Metric’s system of self-sufficiency

Jimmy Shaw talks social media, sound and tour life. His band will play Nov. 8.

Left to right: Joshua Winstead, Emily Haines, Jimmy Shaw and Joules Scott-Key. | COURTESY BRANTLEY GUTIERREZ
Left to right: Joshua Winstead, Emily Haines, Jimmy Shaw and Joules Scott-Key. | COURTESY BRANTLEY GUTIERREZ

Jimmy Shaw, guitarist of the Canadian indie rock band Metric, has a love/hate relationship with waiting.

Getting his start at The Juilliard School in New York, Shaw went from performing classically, to learning how to produce to meeting Emily Haines and starting the band.

Producing is a passion he said he’s always had but developed further out of a growing disdain for staying stagnant.

“All the things we do outside the music itself was born out of the necessity of not waiting for other people,” Shaw said. “Our organization is very nimble and quick to be able to do things we want to do.”

Metric’s takeover arguably began with its hits “Help I’m Alive” and “Gold Guns Girls” off of its album “Fantasies” in 2009, which was self-produced by Shaw.
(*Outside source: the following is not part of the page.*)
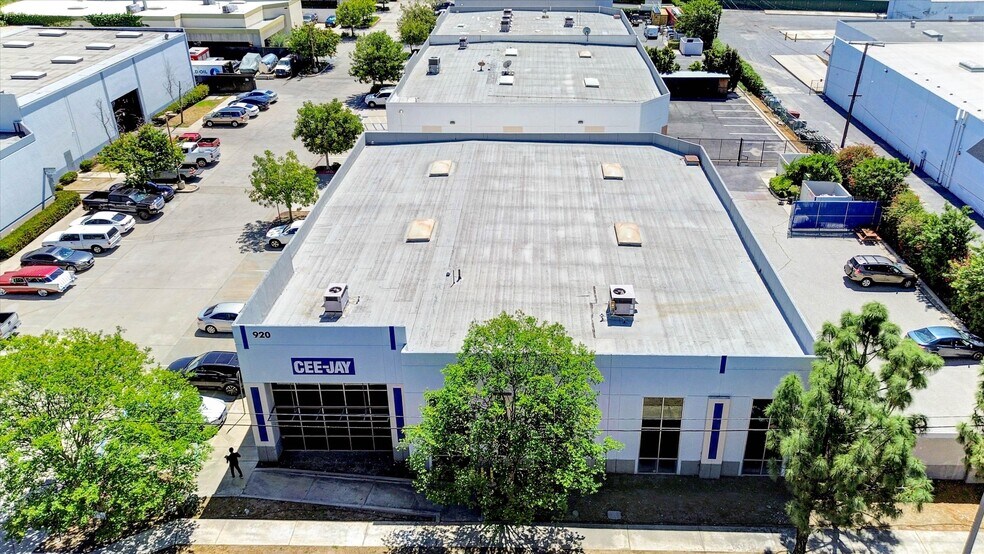 920 W 10th St, Azusa, CA à vendre - Photo du bâtiment - Image 2 de 71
He said the band didn’t think about following up the album when writing “Synthetica.” Instead, the group waited until the songs came to them.

“I think we just followed the sound because musically, we were interested in it,” he said. “It was very much about going in the studio and starting off with ‘Fantasies’ and going through exploration and waiting for things to feel new.”

With Shaw receiving a Producer of the Year award from the Juno Awards in 2013 for songs “Breathing Underwater” and “Youth Without Youth,” that “new” sound may have just been achieved.

It’s been more than a year since Metric’s “Synthetica” was released, but the band continues to promote it on a support tour with Paramore.

Shaw said as Metric wrapped up the album’s original tour, it sat and waited, thinking about the next step. Shaw said he “didn’t want to let [the album] sit and die out.”

When Paramore asked Metric to join on its tour, the band jumped at the opportunity.

“It didn’t feel like we could do the same tour again,” Shaw said. “We needed to do something different and switch it up a bit. It made a lot of sense to us. We felt like [Hayley Williams’] fans would react very much to our music.”

That reaction stems from a combination of sound, networking, exposure and social media.

With Metric being about 15 years old, the group was able to see music’s technological revamp with its own songs. With its first album “Grow Up and Blow Away,” which was released in 2001, to “Fantasies” in 2009 and “Synthetica,” its latest project released in 2012, Shaw saw the YouTube hits and iTunes downloads climb.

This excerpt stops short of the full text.